Malibu Media alleges that the owner of IP address 126.96.36.199 illegally downloaded and distributed its copyrighted works (adult films) via the BitTorrent file distribution network. This IP address was identified by Malibu Media’s investigator, IPP International. After filing the Complaint in this action, Malibu identified Cheng Cui as the owner of the IP address via a subpoena of his internet service provider. It served Mr. Cui on January 27, 2014. When Mr. Cui failed to file a timely answer, Malibu Media requested entry of default. The Clerk entered default on March 17, 2014. After months passed and no activity appeared on the docket, the Court ordered Malibu Media to show cause why its claims should not be dismissed for lack of prosecution. Within two days, Malibu Media filed a motion for default judgment.

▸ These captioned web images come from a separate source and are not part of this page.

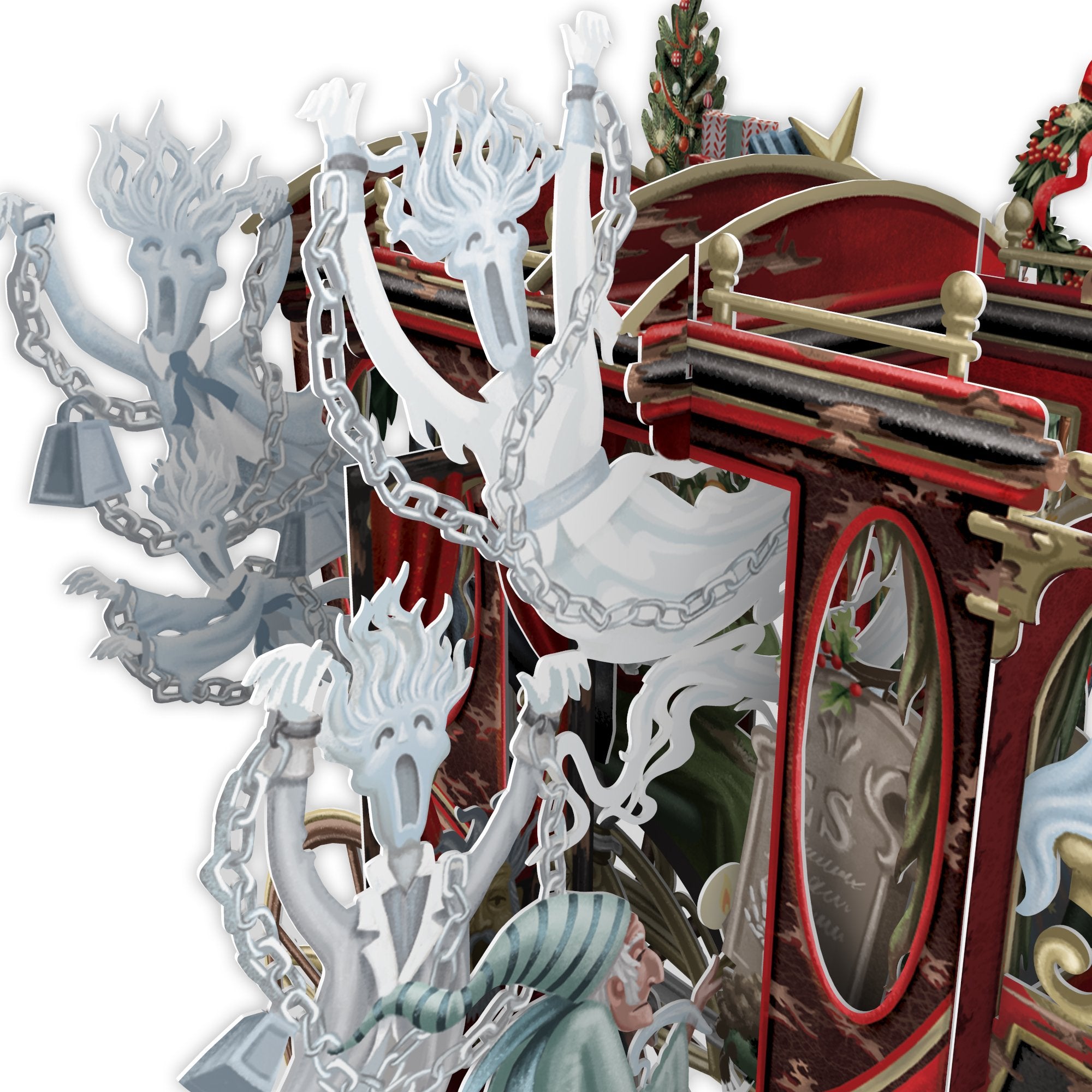 &quot;Christmas Carol&quot; - 3D Pop Up Christmas Card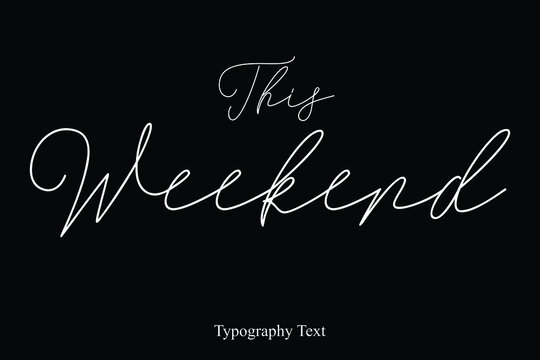 Handwritten Cursive Calligraphy Typescript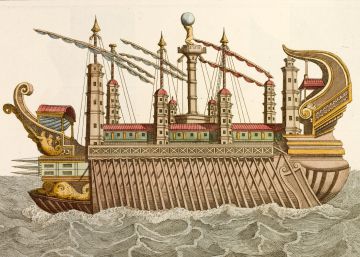Itália busca o barco das orgias de Calígula
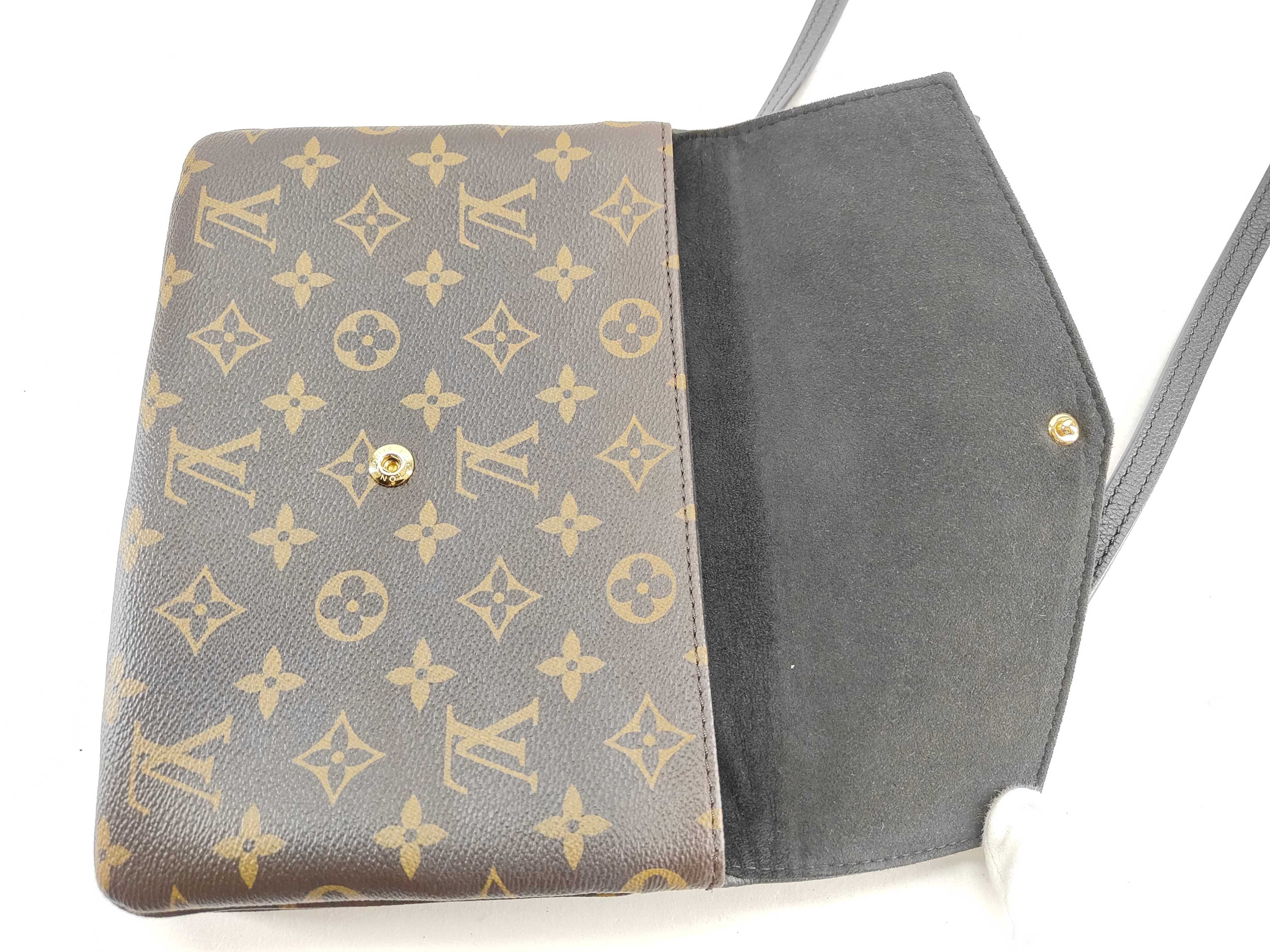 Monogram Twice M50185 FL0136 Brown Shoulder Bag — view 12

Federal Rule of Civil Procedure 55 governs the procedure a plaintiff must follow to obtain a default judgment against a nonresponsive defendant. First, if the plaintiff shows the defendant’s “fail[ure] to plead or otherwise defend, ... the clerk must enter [the defendant’s] default, ” Fed.R.Civ.P. 55(a), which is only valid if the defendant was properly served. See Petrucelli v. Bohringer & Ratzinger, 46 F.3d 1298, 1304 (3d Cir.1995).
The plaintiff may then “apply to the court for a default judgment.” Fed.R.Civ.P. 55(b)(2). The court’s initial inquiry is “whether the unchallenged facts constitute a legitimate cause of action.” 10A Charles Alan Wright, Arthur R. Miller, et al., Federal Practice and Procedure § 2688 (3d ed. 2013) (citing cases). As at the motion to dismiss stage, the court accepts as true the well-pleaded factual allegations in the plaintiff’s complaint, except those relating to damages, as though they were admitted or established by proof, Comdyne I, Inc. v. Corbin, 908 F.2d 1142, 1149 (3d Cir. 1990), as well as all reasonable inferences that can be drawn from the complaint, e.g., Yang v. Hardin, 37 F.3d 282, 286 (7th Cir.1994). Conclusory allegations and the parties’ legal theories or “conclusions of law” are not entitled to the same presumption and are not deemed admitted. Wright & Miller, supra, § 2688.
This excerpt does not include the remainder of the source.